Cyptozooa
as Endangered Species
Cryptozooa are supposedly hidden species, unknown to
science. To be sure there are many real species as yet undiscovered, but
cryptozooa are the popular ones, the legendary creatures occasionally sighted,
but never confirmed.
I’m with the skeptics on this; extraordinary claims require
extraordinary evidence. I don’t care to pry into witness’s motives, sanity or
accuracy; just give me concrete proof. Until then, shrug.

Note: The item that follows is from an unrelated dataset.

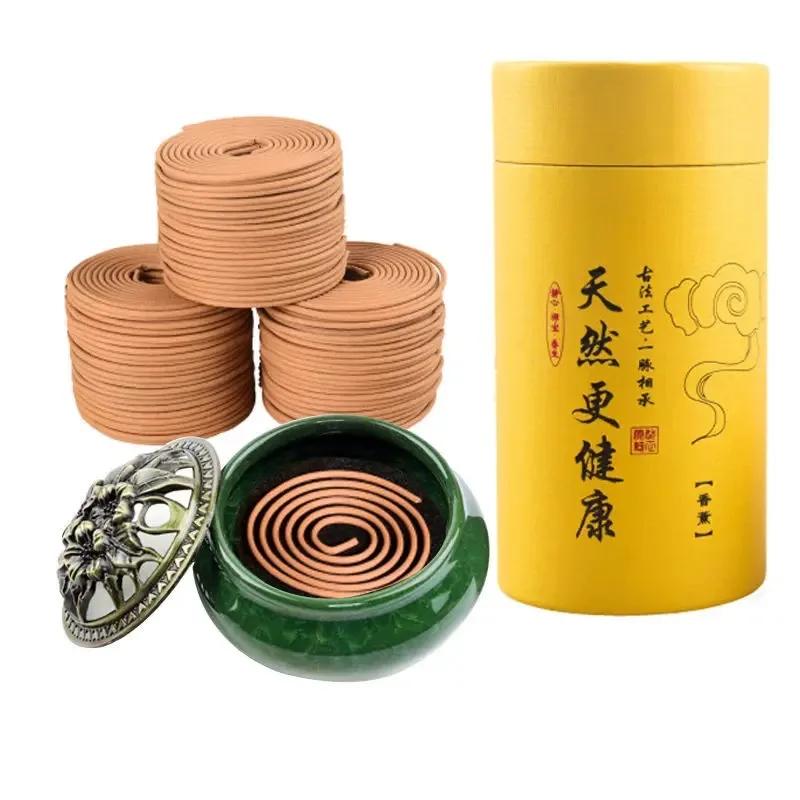 120/48 plates of natural high-end sandalwood agarwood rolled incense aromatherapy yoga fragrance for indoor deodorization 7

Finding a coelocanth at a fish market suffices. So will
photos and videos. Fur and scat samples will do nicely, best of all is
capturing the beast alive. But being passionately convinced doesn’t count; you
could swear up and down it was Bigfoot you saw, but if the hair sample comes
back bear, then it was a bear.
I
grant that wild rare critters are elusive, for good reason; nonetheless, it’s
hard to hide a lake brachiosaur from sonar.
I
don’t recommend shooting Bigfoot as a zoological sample; what if he turns out,
on closer inspection, to be some crazy homeless guy you’ve just killed? And in
any case, cryptozooa are by definition rare; so I say they deserve protection
under the Endangered Species Act.
Cryptozooa are rare, and so deserve conservationist
protection; so you can’t take specimens of them, so you can’t prove they exist,
so you can’t prove that they deserve conservationist protection! That means Bigfoot and Nessie and
Champie and the Chubacabra and the Mokele Mbembe are covered by the Endangered
Species Act, but you can’t prove that they are!
And suppose that you did kill Bigfoot, then what do you do
with the body? Sell it to a museum? But then you’re liable under the Endangered
Species Act. Eat it? That’s almost cannibalism; you’ll get kuru. Hide it away? But
then why bother shooting it in the first place?
Thus
environmentalism protects legendary wildlife, even when unenforceable!